April natural gas futures managed to hold on to Thursday’s gains and closed slightly higher Friday, although traders are still thinking prices will eventually head back down to the mid $3 area. By the close of trading April futures had risen 1.0 cent to $4.168 and May had gained 1.2 cents to $4.246. April crude oil shed 35 cents to $101.07/bbl.

“The [EIA withdrawal] number wasn’t all that big yesterday [Thursday], and I think you had some traders in the market anticipating a more bearish number, and they all had to cover,” said a New York floor trader. He added that Friday’s small gain was just the result of traders squaring their books to avoid market exposure over the weekend.

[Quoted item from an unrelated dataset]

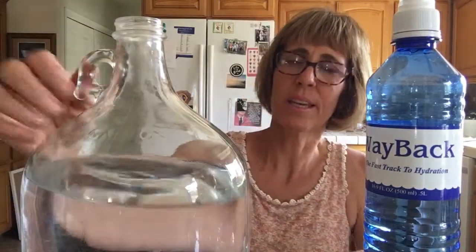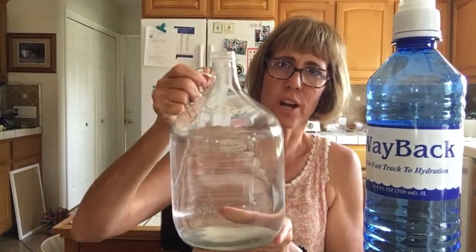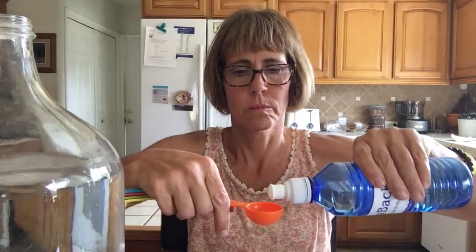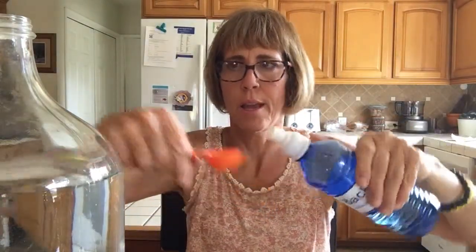This is water made in a special way. You only use one tablespoon at a time, added to a gallon of water. I use a gallon jug — usually filled to the top. You want to add one tablespoon of Way Back Water, just fill up your tablespoon and add it to your gallon. The water in the gallon is just purified water.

“I don’t think the market gets much above $4.34 to $4.35 and then I would look for a pullback, but we could easily come in lower Monday and retreat from there. I don’t think there is anything to rally this market and the shorts will win out again and we will head down to $3.60,” he said.

The trader suggested that market resistance was now at $4.25 to $4.35, and “we could see some buying down around $3.95 to $4, but my gut tells me we are headed to $3.60,” the trader said.

Others see an improved technical picture leading to further gains. “This market rested today after tacking on an impressive 6% price gain yesterday. [Friday’s] price action looked like a digestion process that could have been building some momentum for a renewed advance early [this] week,” said Jim Ritterbusch of Ritterbusch and Associates. “While constructing a bullish case on fundamental grounds is somewhat difficult, we feel that the technical picture has sufficiently improved via [Thursday’s] five-week highs to ignite some additional fund short-covering on even a minor supportive headline.”

Thursday’s inventory report is given credit for prompting a 22.0-cent advance by the April contract, but some see data that doesn’t fit. Analysts at Canaccord Genuity Energy Research, a Toronto-based investment firm, noted that the 56 Bcf pull was “solidly above the consensus expectation range of 40-50 Bcf. The withdrawal appears a bit squirrely to us as it suggests a fairly material week-over-week increase in demand, which runs counter to seasonal trends and defies the 12% week-over-week decline in heating degree days. While this is likely an anomalous data point, it will be important to monitor storage trends relative to expectations over the next several weeks to better gauge whether there has been a meaningful shift in the underlying supply-demand balance.”

The maelstrom of global events continues to swirl. For the moment the natural gas market seems able to distance itself from world events, but the situation in Japan is likely to result in huge demand destruction to the world’s third largest economy, and events in Libya and the Middle East indicate a likely loss of oil supplies for several months to come.

In the view of some, it is “an epic struggle to try to remain calm and access the plethora of risks. Risks of possible historic proportions unlike any that we have ever seen before,” said Phil Flynn of PFGBest in Chicago. “The big question is whether the [financial] market is over-reacting to these risks or whether the level of fear is justified. Many markets were trying to put the nuclear risks in perspective yet comments from the EU Energy Commissioner Guenther Oettinger caused a surge of panic across the entire spectrum of the global market place. Traders ran for cover when he said that, ‘the situation at the Japanese reactor is effectively out of control’ and ‘there could be catastrophic events within the coming hours.’ The markets came back quickly after the comments when traders realized that he was not privy to any information that the rest of us were not.”